See Louisville Peterbilt, Inc. v. Cox, 132 S.W.3d 850, 857 (Ky. 2004) (“[T]he party seeking to enforce an agreement has the burden of establishing its existence, but once prima facie evidence of the agreement has been presented, the burden shifts to the party seeking to avoid the agreement.”) (citing Valley Const. Co., Inc. v. Perry Host Mgmt. Co., Inc., 796 S.W.2d 365, 368 (Ky. App. 1990)). “The party seeking to avoid [arbitration] has a heavy burden.” Id. “Waiver has generally been defined under Kentucky law as ‘a voluntary and intentional surrender . . . of a known right . . . .’” Am. Gen. Home Equity, Inc. v. Kestel, 253 S.W.3d 543, 553-54 (Ky. 2008) (citing Conseco Fin.
Servicing Corp. v. Wilder, 47 S.W.3d 335, 344 (Ky. App. 2001)). Though waiver may be express or implied, courts do not lightly infer the waiver of arbitration rights. Id. at 554.
Where a party is aware of his arbitration rights and did not expressly waive them, litigation conduct must be considered to determine whether waiver can be inferred. Id. In Conseco Finance Servicing Corporation v. Wilder, this Court determined a lender’s three-month delay in bringing a motion to compel
-6- arbitration after filing its answer, coupled with the lack of activity during those three months, did not permit an inference of waiver. 47 S.W.3d at 344-45.
Conversely, in Jackson v. Mackin, Mackin did not raise the issue of arbitration until fifteen months after filing his answer; in the interim, he engaged in substantial discovery. 277 S.W.3d 626, 629 (Ky. App. 2009). We determined Mackin had impliedly and voluntarily waived his right to arbitration. Id. Here, Crelin minimally participated in litigation and was largely unresponsive to American Express’s discovery requests. However, much of his participation in this case related to his pursuit of arbitration.

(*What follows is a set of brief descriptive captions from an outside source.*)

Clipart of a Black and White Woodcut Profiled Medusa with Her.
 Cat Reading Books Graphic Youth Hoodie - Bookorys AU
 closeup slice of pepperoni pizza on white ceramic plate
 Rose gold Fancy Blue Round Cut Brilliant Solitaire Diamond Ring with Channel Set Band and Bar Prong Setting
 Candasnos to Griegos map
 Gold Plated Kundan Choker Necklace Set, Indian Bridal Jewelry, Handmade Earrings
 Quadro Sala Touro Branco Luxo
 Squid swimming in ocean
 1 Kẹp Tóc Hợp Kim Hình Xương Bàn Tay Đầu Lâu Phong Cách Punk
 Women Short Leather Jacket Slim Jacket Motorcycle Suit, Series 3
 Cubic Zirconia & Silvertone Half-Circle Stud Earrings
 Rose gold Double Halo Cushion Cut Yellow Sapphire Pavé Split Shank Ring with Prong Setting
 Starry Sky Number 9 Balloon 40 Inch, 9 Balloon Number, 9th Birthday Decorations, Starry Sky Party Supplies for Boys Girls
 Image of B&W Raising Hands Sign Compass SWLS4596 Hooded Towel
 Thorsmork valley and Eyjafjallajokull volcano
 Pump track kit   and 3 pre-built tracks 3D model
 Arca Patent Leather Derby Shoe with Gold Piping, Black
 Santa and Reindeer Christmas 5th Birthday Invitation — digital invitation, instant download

Alongside his August 23, 2021 answer, Crelin applied to the circuit court for arbitration. Months later, in January of 2022, Crelin moved the circuit court to compel arbitration.
Under KRS 417.060(1), the circuit court was required to “order the parties to proceed with arbitration” upon Crelin’s initial demand for arbitration.
This is what the circuit court did. It granted Crelin’s request and directed the parties to arbitration in September 2021. As American Express points out in its brief, Crelin was required to initiate arbitration himself because the American Arbitration Association no longer administers arbitrations of consumer debt collections unless the consumer himself initiates the arbitration. Therefore, Crelin was directed to initiate his desired arbitration himself.
-7- Crelin’s failure to initiate the arbitration he desired when given the opportunity was litigation conduct which permits the inference that he waived his right to arbitration. It strongly evinces an intent not to pursue his arbitration rights under the Cardmember Agreement. Based on Crelin’s litigation conduct before the circuit court, we determine he waived his right to arbitration when he allowed the sixty-day stay to lapse without having pursued his requested arbitration.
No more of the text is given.